# What the task asks
Using the data below, return the stretch from the line that contains "هتل Le Domaine De L’arbre Du Voyageur" through the line that contains "image for item", both included, exactly as it stands and nothing beyond it.
Data records Start Marker
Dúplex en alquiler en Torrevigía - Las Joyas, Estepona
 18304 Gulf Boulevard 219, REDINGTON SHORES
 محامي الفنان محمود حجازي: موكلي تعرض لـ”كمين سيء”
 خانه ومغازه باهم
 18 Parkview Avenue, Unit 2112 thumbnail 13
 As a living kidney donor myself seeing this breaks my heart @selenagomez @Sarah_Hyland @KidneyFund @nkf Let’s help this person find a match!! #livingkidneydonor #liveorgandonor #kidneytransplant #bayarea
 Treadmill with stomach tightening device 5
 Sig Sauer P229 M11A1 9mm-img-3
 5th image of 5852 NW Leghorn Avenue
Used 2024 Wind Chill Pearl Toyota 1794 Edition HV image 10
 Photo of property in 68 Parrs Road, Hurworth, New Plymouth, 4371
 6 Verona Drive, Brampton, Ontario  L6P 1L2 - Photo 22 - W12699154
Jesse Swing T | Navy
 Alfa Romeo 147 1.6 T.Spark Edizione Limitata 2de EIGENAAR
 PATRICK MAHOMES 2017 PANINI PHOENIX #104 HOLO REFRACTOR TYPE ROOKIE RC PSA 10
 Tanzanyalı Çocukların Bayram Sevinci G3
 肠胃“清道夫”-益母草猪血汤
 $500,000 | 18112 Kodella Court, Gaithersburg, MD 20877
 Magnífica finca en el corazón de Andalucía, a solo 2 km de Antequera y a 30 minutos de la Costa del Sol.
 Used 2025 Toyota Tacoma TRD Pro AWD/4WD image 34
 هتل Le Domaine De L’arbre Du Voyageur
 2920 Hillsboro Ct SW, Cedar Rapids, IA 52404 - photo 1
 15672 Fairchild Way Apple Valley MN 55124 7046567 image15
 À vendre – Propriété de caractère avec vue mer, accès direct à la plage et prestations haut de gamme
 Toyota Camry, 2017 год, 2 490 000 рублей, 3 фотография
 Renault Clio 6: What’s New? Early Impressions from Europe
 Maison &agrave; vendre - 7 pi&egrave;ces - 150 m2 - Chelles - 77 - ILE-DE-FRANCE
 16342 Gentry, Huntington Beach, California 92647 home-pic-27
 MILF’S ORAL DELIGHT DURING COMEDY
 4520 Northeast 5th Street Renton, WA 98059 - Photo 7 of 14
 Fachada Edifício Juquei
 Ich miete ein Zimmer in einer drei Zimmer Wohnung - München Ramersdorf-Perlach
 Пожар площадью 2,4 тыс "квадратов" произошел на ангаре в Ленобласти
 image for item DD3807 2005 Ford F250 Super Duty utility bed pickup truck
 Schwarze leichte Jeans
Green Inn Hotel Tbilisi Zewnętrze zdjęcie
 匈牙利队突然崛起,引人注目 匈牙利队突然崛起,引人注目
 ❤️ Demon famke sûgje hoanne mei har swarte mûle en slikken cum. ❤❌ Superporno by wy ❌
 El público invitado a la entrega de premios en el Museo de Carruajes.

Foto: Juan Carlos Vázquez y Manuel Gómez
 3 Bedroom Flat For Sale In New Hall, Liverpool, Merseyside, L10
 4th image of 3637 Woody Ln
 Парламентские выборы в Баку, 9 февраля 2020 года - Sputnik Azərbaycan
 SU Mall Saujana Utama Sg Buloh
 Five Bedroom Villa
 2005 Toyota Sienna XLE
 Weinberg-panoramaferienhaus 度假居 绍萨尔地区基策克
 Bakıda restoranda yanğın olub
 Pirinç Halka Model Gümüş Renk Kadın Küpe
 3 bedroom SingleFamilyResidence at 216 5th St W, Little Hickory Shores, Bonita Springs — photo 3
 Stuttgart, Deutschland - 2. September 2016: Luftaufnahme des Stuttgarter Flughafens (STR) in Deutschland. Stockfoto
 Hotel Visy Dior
Data records End Marker
# Reply
 هتل Le Domaine De L’arbre Du Voyageur
 2920 Hillsboro Ct SW, Cedar Rapids, IA 52404 - photo 1
 15672 Fairchild Way Apple Valley MN 55124 7046567 image15
 À vendre – Propriété de caractère avec vue mer, accès direct à la plage et prestations haut de gamme
 Toyota Camry, 2017 год, 2 490 000 рублей, 3 фотография
 Renault Clio 6: What’s New? Early Impressions from Europe
 Maison &agrave; vendre - 7 pi&egrave;ces - 150 m2 - Chelles - 77 - ILE-DE-FRANCE
 16342 Gentry, Huntington Beach, California 92647 home-pic-27
 MILF’S ORAL DELIGHT DURING COMEDY
 4520 Northeast 5th Street Renton, WA 98059 - Photo 7 of 14
 Fachada Edifício Juquei
 Ich miete ein Zimmer in einer drei Zimmer Wohnung - München Ramersdorf-Perlach
 Пожар площадью 2,4 тыс "квадратов" произошел на ангаре в Ленобласти
 image for item DD3807 2005 Ford F250 Super Duty utility bed pickup truck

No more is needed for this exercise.